## What you will do:
Please return exactly the lines from the one containing "Evolution an der Spitze: Aston Martin DB9 Evolution" through the end of the records, including both.

## Extracted records:
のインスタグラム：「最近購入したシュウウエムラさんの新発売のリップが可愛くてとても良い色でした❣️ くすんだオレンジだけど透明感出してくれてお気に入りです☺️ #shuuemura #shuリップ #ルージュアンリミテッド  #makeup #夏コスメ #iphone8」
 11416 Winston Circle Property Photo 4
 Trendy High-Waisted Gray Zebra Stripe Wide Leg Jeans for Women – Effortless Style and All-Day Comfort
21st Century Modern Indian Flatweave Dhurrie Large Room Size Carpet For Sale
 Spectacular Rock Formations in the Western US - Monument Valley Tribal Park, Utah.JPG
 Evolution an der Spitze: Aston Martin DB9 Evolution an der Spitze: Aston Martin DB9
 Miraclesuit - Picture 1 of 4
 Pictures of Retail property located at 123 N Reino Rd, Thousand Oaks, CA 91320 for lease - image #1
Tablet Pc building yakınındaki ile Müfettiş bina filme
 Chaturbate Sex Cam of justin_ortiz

## Task solution:
 Evolution an der Spitze: Aston Martin DB9 Evolution an der Spitze: Aston Martin DB9
 Miraclesuit - Picture 1 of 4
 Pictures of Retail property located at 123 N Reino Rd, Thousand Oaks, CA 91320 for lease - image #1
Tablet Pc building yakınındaki ile Müfettiş bina filme
 Chaturbate Sex Cam of justin_ortiz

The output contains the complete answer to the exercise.